En réalité, ces soldats soigneusement triés sur le volet n’étaient pas supposés participer directement aux combats. Ils se posteraient sur la rivière, à deux ou trois milles du champ de bataille et n’interviendraient qu’en cas d’accident obligeant les sorcières à battre en retraite.
Roland avait choisi pour cette mission ses plus puissantes sorcières, c’est à dire Anna, Rossignol, Wendy, Chloris, Ayesha, Sylvie, Ivy, Foudre et Maggie. Selon Ayesha, une telle équipe serait plus que suffisante pour tuer un Seigneur des Enfers.
– « Prenez bien soin de vous, votre sécurité est une priorité absolue », souligna gravement Roland. « Vous n’êtes pas obligées de terminer la mission. Je vous attendrai au château. »
Anna s’approcha et le serra dans ses bras.
– « Ne vous inquiétez pas, je les protégerai. »
– « Moi aussi, Votre Majesté! »
– « Goo! »
Assurèrent la petite fille et le pigeon en étreignant Roland à leur tour.
Toutes les imitèrent, à l’exception d’Ayesha et Ivy.
La première renifla et marmonna pour elle-même : « Ce n’est qu’une simple opération de chasse et non des adieux définitifs… Si avant chaque départ nous nous disions adieu, comme nous le faisions à Taquila, les Diables seraient déjà aux portes de la ville. »
De son côté, Ivy était stupéfaite. C’était la première fois qu’on lui donnait un ordre aussi « désinvolte » : « Vous n’êtes pas obligées de terminer la mission, uniquement de rentrer saines et sauves. » En se montrant trop indulgent avec les sorcières, Sa Majesté ne les encourageait-il pas à la lâcheté ? À l’Association du Croc Sanguinaire, chaque bataille était considérée comme un combat à mort. En effet et malheureusement, ces dernières années, plusieurs sorcières avaient été tuées sur le champ de bataille. Les sorcières qui ne pouvaient achever les tâches confiées par leur maitresse étaient sévèrement punies, voire même considérées comme inutiles par les membres de l’association. Mais l’attitude de Roland Wimbledon, à l’égard des sorcières semblait complètement différente.

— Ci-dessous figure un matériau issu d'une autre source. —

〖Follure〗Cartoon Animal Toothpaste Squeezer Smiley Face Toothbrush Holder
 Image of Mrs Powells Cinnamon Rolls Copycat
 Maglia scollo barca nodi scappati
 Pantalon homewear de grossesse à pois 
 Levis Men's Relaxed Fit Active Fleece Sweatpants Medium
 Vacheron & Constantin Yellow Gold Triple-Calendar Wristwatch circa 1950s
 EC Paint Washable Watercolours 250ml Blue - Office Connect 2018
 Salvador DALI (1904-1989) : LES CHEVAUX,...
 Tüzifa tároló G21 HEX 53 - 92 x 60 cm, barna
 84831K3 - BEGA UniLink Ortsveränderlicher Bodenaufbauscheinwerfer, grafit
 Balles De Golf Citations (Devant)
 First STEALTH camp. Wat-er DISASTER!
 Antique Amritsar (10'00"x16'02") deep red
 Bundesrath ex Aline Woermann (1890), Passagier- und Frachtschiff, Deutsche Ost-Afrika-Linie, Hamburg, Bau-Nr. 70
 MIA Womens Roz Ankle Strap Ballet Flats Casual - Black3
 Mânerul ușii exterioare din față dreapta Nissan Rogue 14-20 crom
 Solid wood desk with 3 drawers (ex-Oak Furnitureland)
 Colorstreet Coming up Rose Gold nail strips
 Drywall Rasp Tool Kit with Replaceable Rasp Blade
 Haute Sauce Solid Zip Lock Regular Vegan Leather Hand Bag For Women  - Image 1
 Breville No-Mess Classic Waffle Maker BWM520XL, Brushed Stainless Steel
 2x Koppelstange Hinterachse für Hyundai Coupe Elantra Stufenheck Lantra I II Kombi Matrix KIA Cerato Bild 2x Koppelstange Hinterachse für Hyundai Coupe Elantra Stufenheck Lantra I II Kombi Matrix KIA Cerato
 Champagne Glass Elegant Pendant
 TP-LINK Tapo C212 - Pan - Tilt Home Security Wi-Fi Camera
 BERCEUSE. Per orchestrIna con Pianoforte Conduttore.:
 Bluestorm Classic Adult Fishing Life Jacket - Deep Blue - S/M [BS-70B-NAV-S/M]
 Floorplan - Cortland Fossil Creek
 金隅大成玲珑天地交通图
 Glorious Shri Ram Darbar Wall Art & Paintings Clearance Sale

Il ne les traitait ni comme des bêtes, ni comme des agneaux, mais simplement comme des « êtres humains ».
Un sifflement retentit tandis que de la fumée s’échappait de la cheminée, puis le bateau quitta lentement le quai.
Soudain, Roland sentit des mains invisibles saisir son visage.
Elles étaient froides mais douces.
– « Prenez bien soin de vous durant mon absence. Ne quittez pas le château sans raison valable », chuchota une voix familière. « Je serai vite de retour. »
Quelque chose effleura ses lèvres.
Ce toucher n’avait rien à voir avec ce qu’il avait ressenti sur son visage : il était doux, légèrement humide et tiède.
C’était un baiser fugitif, comme s’il l’avait rêvé. Lorsqu’enfin Roland réalisa ce qui venait de se passer, il étendit la main mais ne rencontra que du vide.
Le navire à vapeur étant beaucoup plus lent que le ballon, il leur fallut près de deux jours pour atteindre l’extrémité de la rivière Écarlate.
Tous demeurèrent saisis à la vue de l’imposant manteau blanc qui recouvrait les montagnes. C’était magnifique. Comme la neige fondait beaucoup moins vite en altitude que dans la forêt, l’eau accumulée depuis des mois dévalait le long des pentes montagneuses et, rencontrant des rochers, se divisait en multiples ruisseaux. Vus de loin, ceux-ci ressemblaient à autant de minces et fragiles fils d’argents, mais en s’approchant, ils réalisèrent que ces cours d’eau étaient aussi larges qu’une rivière. L’eau se déversait dans le lac au pied de la montagne avec un grondement de tonnerre.
De toute évidence, ce lac devait avoir plusieurs voies d’évacuation, sans quoi toute cette eau aurait tôt fait de faire déborder la rivière Écarlate.
Après une nuit de repos, les sorcières gonflèrent le ballon à hydrogène qui s’éleva dans les airs tandis que les soldats, qui, comme prévu, s’étaient retranchés à trois kilomètres de là, établissaient un front défensif le long de la rivière.
L’opération “Point de Fusion” était officiellement lancée.